> _Problem to work on_
Please reproduce the entries below exactly from the line holding "Never Bordeaux You - Noho Nails" through the last line, both included, and omit any pictures.

> _Record excerpts_
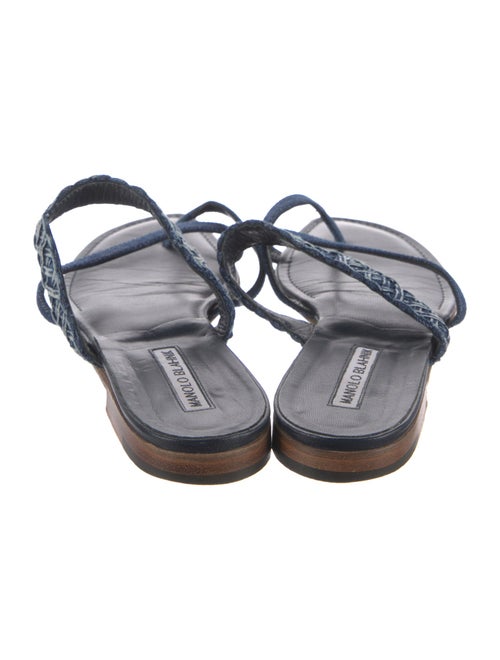 Manolo Blahnik Leather Slides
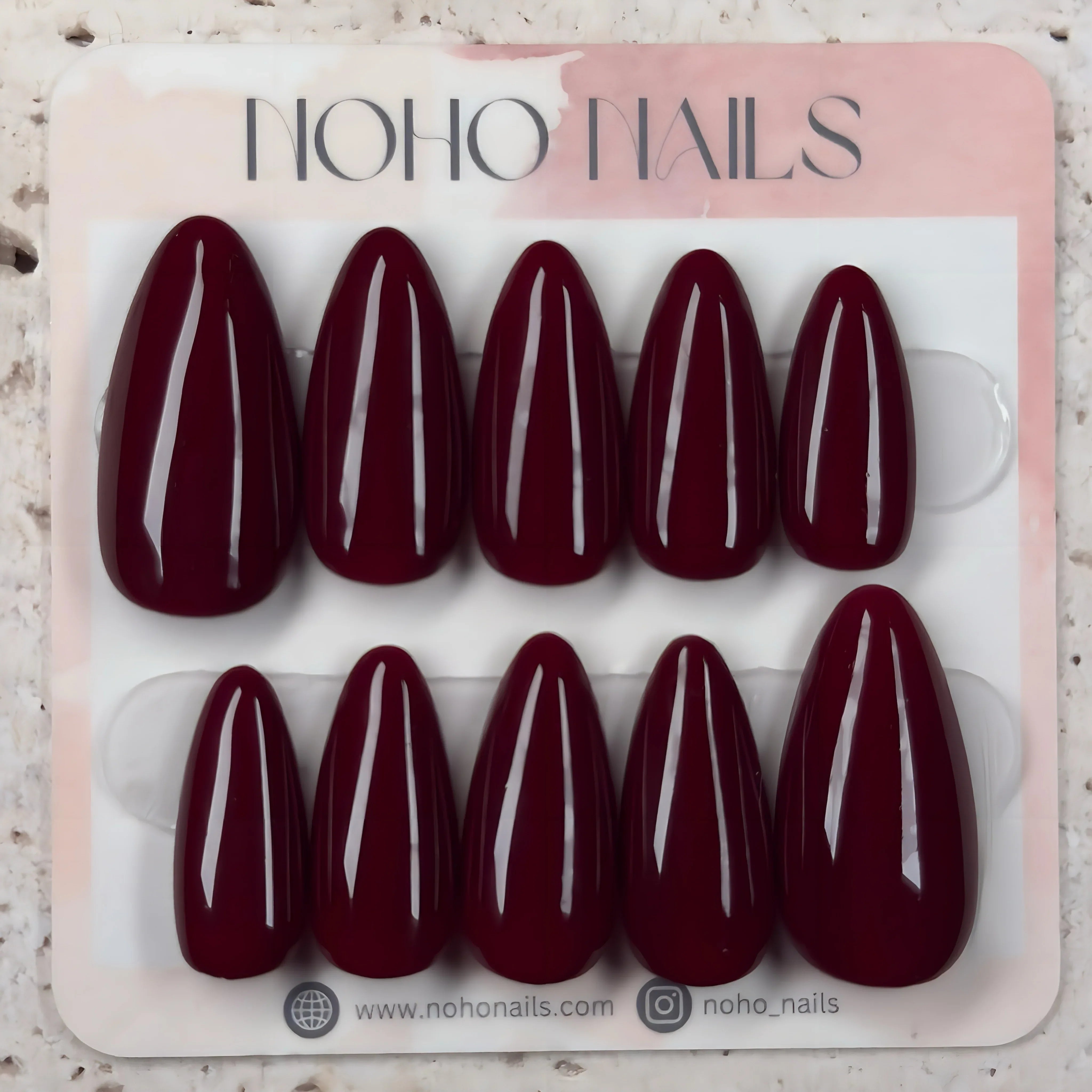 Never Bordeaux You - Noho Nails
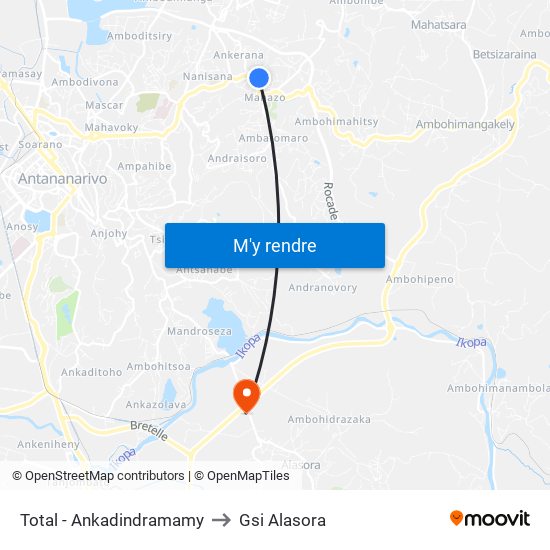 Total - Ankadindramamy to Gsi Alasora map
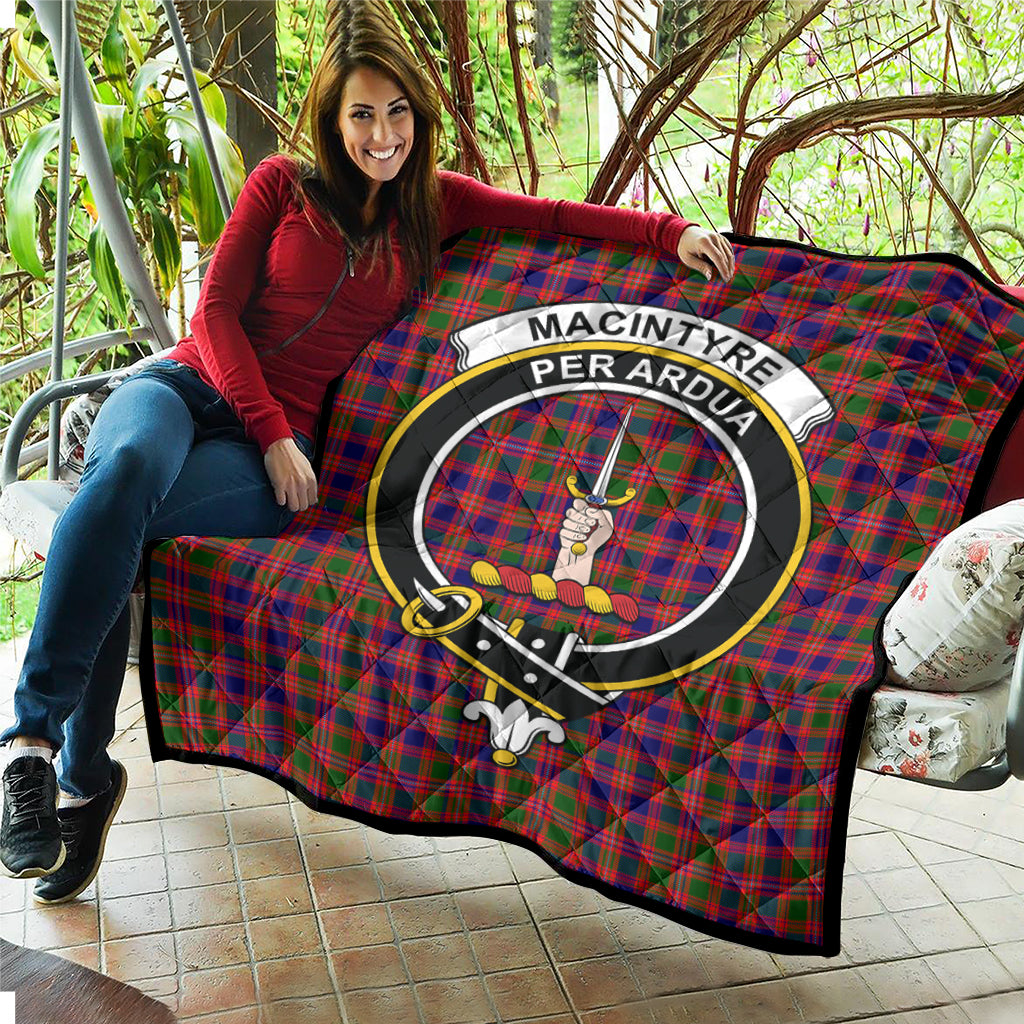 macintyre-modern-tartan-quilt-with-family-crest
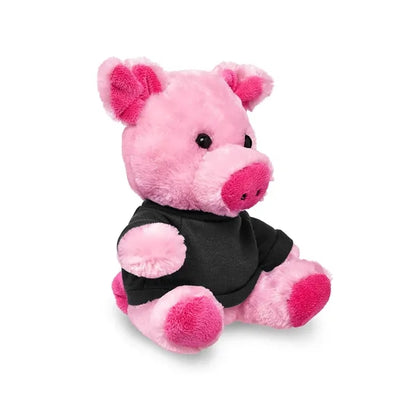 7" Plush Pig With T-Shirt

> _Written solution_
 Never Bordeaux You - Noho Nails
 Total - Ankadindramamy to Gsi Alasora map
 macintyre-modern-tartan-quilt-with-family-crest
 7" Plush Pig With T-Shirt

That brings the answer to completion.